(Captioned web images)
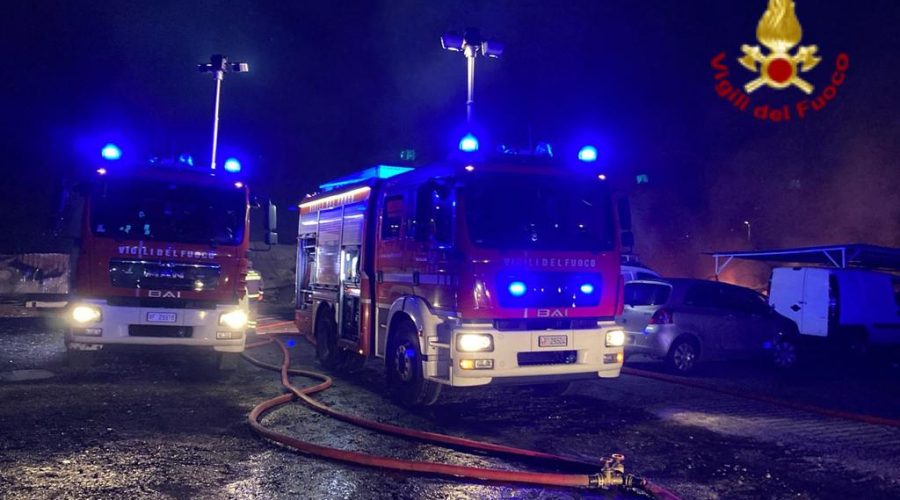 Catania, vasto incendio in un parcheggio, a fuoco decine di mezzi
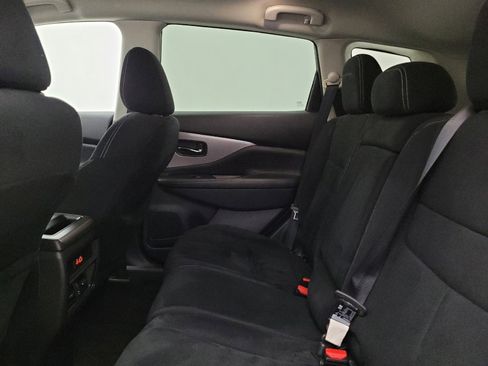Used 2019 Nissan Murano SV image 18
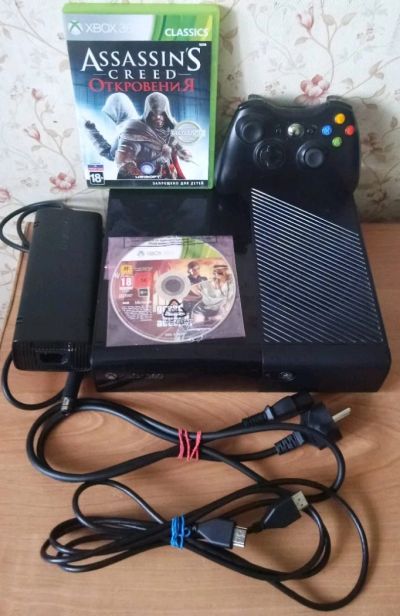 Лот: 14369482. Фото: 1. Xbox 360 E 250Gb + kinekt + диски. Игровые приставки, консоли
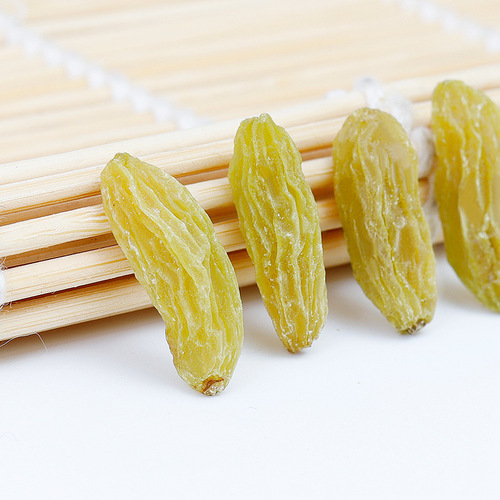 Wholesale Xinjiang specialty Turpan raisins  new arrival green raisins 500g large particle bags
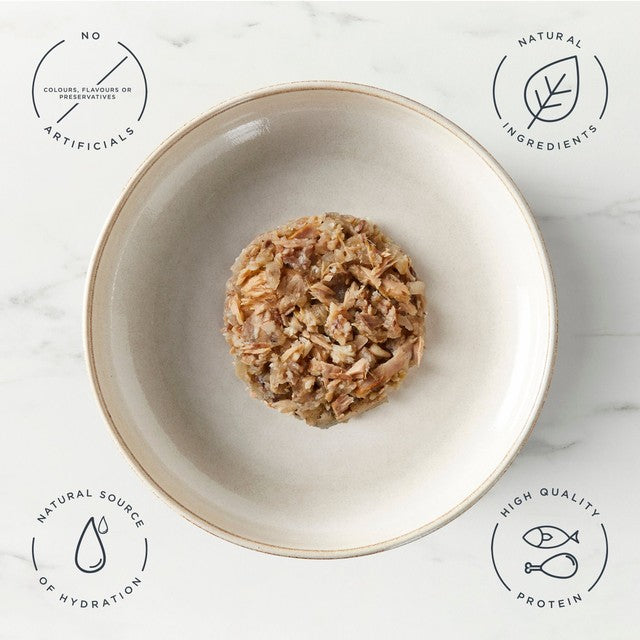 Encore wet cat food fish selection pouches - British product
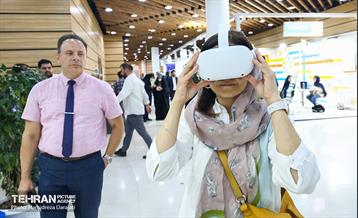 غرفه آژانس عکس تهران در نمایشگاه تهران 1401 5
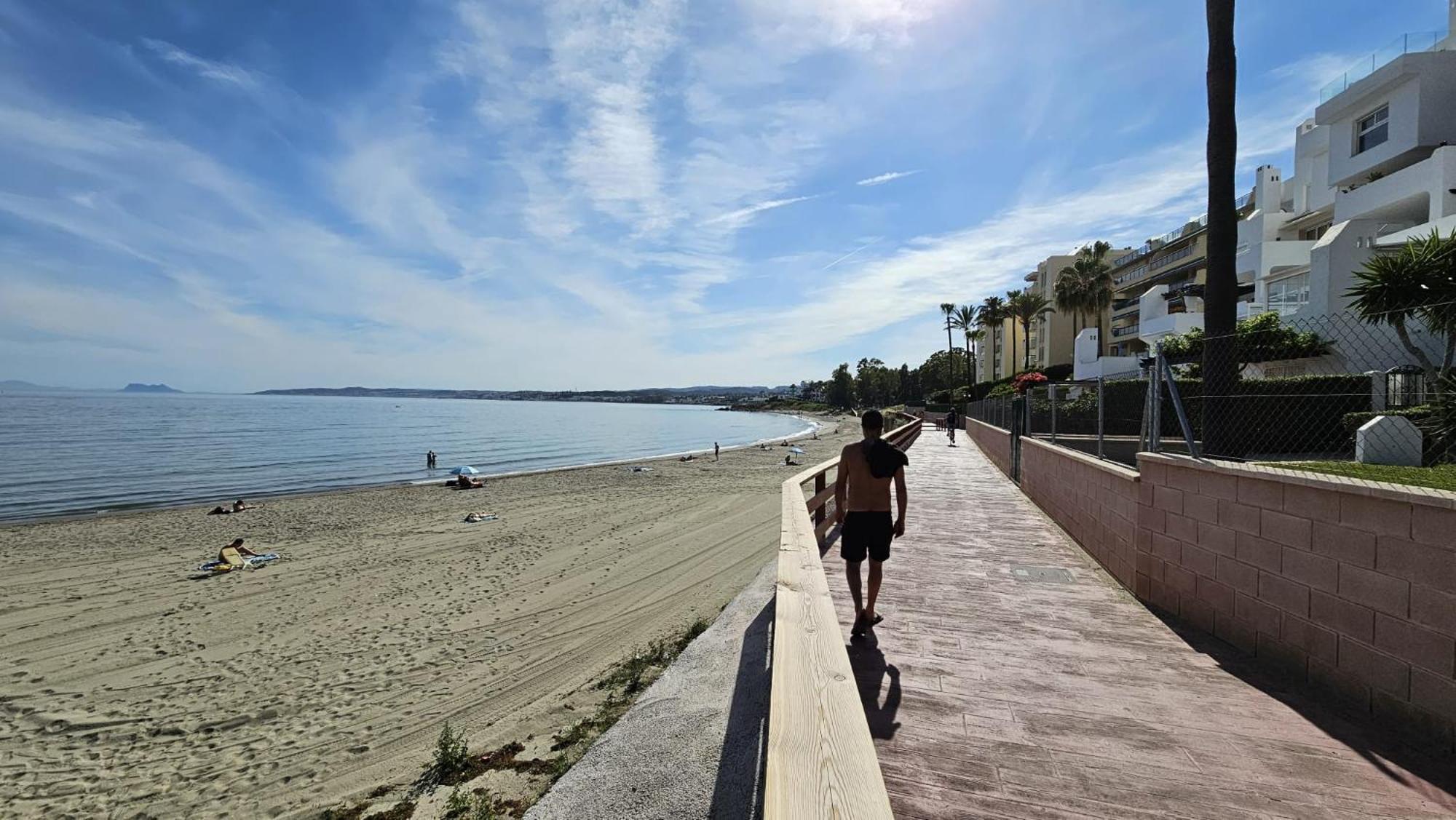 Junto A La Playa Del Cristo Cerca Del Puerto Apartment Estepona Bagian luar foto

◆ **WORK ORDER**
Write out exactly the lines from the one containing "Encore wet cat" through the end of the entries, both included. Pictures are not copied.

◆ **PROBLEM SOLUTION**
 Encore wet cat food fish selection pouches - British product
 غرفه آژانس عکس تهران در نمایشگاه تهران 1401 5
 Junto A La Playa Del Cristo Cerca Del Puerto Apartment Estepona Bagian luar foto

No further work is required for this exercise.